### Exercise:
The records follow. Print, word for word, the first line through the "El Sporting vuelve" line.

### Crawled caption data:

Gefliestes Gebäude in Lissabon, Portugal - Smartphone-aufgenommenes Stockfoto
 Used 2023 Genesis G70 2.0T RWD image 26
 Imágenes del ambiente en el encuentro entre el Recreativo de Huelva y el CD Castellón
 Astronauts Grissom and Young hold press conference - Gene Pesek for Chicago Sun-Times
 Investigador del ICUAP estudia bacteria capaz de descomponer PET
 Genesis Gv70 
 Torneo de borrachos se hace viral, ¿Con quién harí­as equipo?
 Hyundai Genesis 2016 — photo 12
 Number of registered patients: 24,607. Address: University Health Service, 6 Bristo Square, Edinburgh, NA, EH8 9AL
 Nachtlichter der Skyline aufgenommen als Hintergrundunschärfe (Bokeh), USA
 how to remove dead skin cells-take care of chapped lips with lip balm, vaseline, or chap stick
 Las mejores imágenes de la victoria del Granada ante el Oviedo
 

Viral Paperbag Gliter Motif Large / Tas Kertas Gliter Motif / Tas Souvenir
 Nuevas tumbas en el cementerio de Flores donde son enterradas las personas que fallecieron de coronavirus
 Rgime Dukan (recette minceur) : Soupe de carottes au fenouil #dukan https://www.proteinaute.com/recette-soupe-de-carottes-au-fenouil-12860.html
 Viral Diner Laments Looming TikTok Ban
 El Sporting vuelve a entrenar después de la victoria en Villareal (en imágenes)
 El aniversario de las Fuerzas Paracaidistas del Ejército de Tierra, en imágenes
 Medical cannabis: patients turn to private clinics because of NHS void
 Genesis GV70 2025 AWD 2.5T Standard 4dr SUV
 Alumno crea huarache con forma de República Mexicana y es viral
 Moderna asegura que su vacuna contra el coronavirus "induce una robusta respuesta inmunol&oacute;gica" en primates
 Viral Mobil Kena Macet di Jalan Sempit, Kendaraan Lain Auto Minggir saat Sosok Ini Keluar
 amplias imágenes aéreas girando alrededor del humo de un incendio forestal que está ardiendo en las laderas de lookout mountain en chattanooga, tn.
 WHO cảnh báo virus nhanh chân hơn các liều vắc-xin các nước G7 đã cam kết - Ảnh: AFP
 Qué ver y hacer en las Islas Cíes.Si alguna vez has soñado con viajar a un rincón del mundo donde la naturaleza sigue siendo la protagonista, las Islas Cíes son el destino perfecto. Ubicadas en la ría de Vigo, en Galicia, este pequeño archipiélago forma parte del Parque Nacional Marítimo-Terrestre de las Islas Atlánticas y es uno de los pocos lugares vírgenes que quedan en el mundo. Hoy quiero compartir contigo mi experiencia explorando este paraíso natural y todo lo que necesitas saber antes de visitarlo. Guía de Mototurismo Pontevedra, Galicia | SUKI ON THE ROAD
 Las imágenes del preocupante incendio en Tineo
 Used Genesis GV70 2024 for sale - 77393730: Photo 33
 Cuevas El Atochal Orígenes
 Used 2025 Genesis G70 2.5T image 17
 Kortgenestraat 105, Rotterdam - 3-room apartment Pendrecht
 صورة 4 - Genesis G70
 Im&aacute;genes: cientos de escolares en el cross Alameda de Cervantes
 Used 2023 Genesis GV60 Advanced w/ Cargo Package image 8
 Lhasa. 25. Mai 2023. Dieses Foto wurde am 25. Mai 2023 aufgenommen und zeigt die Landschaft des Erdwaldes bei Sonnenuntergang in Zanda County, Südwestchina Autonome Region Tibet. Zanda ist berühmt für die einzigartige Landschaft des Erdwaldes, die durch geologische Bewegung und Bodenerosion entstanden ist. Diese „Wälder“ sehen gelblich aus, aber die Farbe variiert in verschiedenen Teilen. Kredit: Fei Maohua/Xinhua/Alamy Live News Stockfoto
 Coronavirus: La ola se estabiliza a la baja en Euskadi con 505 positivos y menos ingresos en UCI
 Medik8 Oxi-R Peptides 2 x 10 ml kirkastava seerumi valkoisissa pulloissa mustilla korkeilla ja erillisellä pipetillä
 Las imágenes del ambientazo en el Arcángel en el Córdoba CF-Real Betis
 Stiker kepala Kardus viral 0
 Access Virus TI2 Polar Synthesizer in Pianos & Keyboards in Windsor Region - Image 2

### Your response:
Gefliestes Gebäude in Lissabon, Portugal - Smartphone-aufgenommenes Stockfoto
 Used 2023 Genesis G70 2.0T RWD image 26
 Imágenes del ambiente en el encuentro entre el Recreativo de Huelva y el CD Castellón
 Astronauts Grissom and Young hold press conference - Gene Pesek for Chicago Sun-Times
 Investigador del ICUAP estudia bacteria capaz de descomponer PET
 Genesis Gv70 
 Torneo de borrachos se hace viral, ¿Con quién harí­as equipo?
 Hyundai Genesis 2016 — photo 12
 Number of registered patients: 24,607. Address: University Health Service, 6 Bristo Square, Edinburgh, NA, EH8 9AL
 Nachtlichter der Skyline aufgenommen als Hintergrundunschärfe (Bokeh), USA
 how to remove dead skin cells-take care of chapped lips with lip balm, vaseline, or chap stick
 Las mejores imágenes de la victoria del Granada ante el Oviedo
 

Viral Paperbag Gliter Motif Large / Tas Kertas Gliter Motif / Tas Souvenir
 Nuevas tumbas en el cementerio de Flores donde son enterradas las personas que fallecieron de coronavirus
 Rgime Dukan (recette minceur) : Soupe de carottes au fenouil #dukan https://www.proteinaute.com/recette-soupe-de-carottes-au-fenouil-12860.html
 Viral Diner Laments Looming TikTok Ban
 El Sporting vuelve a entrenar después de la victoria en Villareal (en imágenes)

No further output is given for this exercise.